Making a game like Auxnet has been a very daunting and tiring task. I work on a team; however, I'm the only programmer. Making such a game alone wouldn't be possible unless I used various libraries and APIs. I guess it would be possible, but it would have tripled the amount of time spent. In this series of blog post, I'll examine some of the middleware that I used to create the game. I'll examine them by considering the following questions:
- What is it?
- How do I use it in the game / engine?
- Why did I choose it?
- What are my future plans?
What is it?
Quick disclaimer. In this post, when I say Direct X, I'm actually just refering to Direct 3D. Direct X is the Windows graphics API that I decided to use. Direct X provides an interface that allows me to use the various features of the graphics card. Using HLSL(High-Level Shader Language), it's possible to write per vertex and per pixel programs to create many interesting effects.
Why did I choose it?
I have intention of starting a Direct X / Open GL debate. I've honestly never used Open GL. I decided on Direct X because it was created by Microsoft, and the only platform that I currently support is Windows and with MSDN and all of the Direct X samples included with the Direct X SDK, it was easy to start with. At first, I only supported Direct X 9, but now the game/engine also supports Direct X 11. I've developed a multiplatform framework that I hope will allow me to expand to other operating systems and using Open GL in the future, but for now, I just want to finish the game so I'm sticking with Direct X until the game has been completed.
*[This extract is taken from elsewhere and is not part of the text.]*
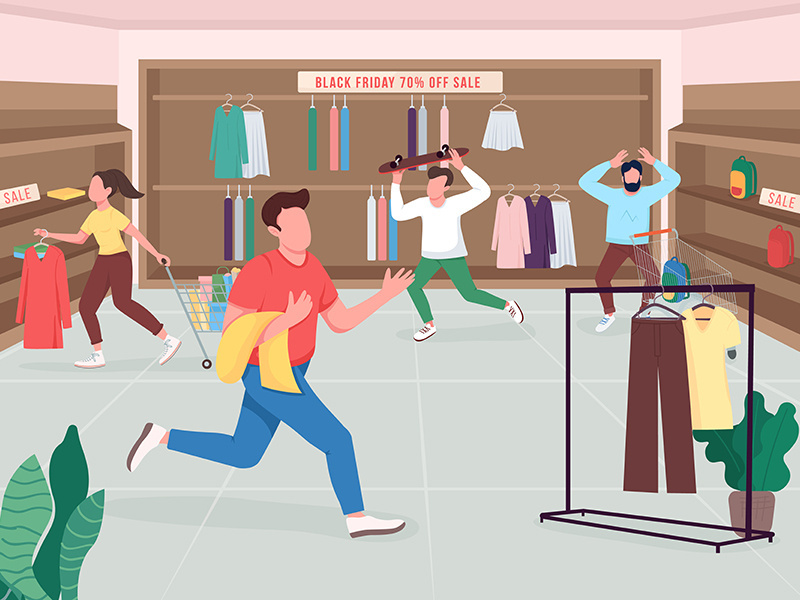 Shopaholics on Black friday flat color vector illustration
How do I use it in the game / engine?
I use Direct X for all of my rendering. I've written two frameworks that sit on top of Direct X. One is very high level and uses handles to refer to resources. The other is much closer to the API. This has been working well, but as I've been coding, I've been realizing the benefits of the higher level framework and am considering phasing out the lower-level API-like framework and just and work on making the higher-level version faster. The higher-level framework is built on top of the lower-level stuff so I feel like I'll be able to eliminate a lot of code the and make it faster by just have the higher-level framework directly access the API. I'll continue to experiment with this and make a final decision after this game has been completed. No more major engine changes unless they are 100 percent needed to complete the project.
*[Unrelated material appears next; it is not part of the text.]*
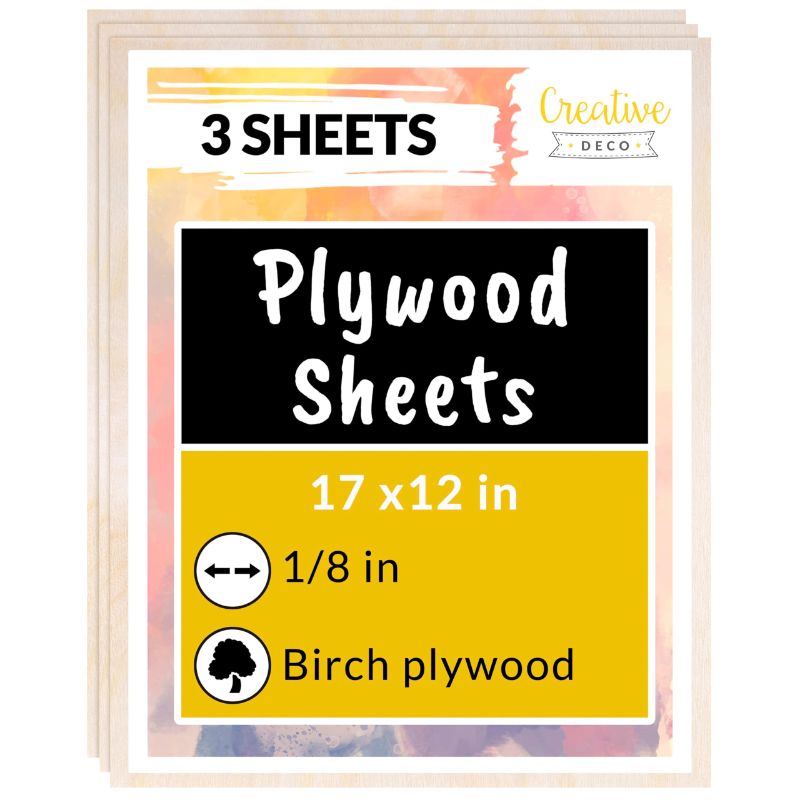 Photo 1 of 3 x Plywood Sheets | 17 x 12 | 0.11 Thickness | B/B Grade Baltic Birch Wood Ply Unfinished | Perfect for Projects Crafts Painting Laser CNC Cutting Pyrography Craft Burning 17 x 12 x 0.1 3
I make extensive use of HLSL shaders and created my own material system that uses different shader techniques and texture maps to make various effects. Most surfaces use 3 textures--diffuse, normal, effects. The effects texture contains extra per-pixel information for things such as glow and specular. Models are rendered in order based on their shader and texture combination to reduce changing the texture. Translucent things are rendered in a second past using a z-sorted order.
What are my future plans?
There are quite a few graphical features that I'd love to add. I've been doing a lot of reading on deferred rendering systems and feel that I'd be able to get a lot of interesting lighting effects with it, but shadows are what's actually high on my todo list. I'd also like to add more support for other kinds of visual effects like electricity, smoke, and other particle effects.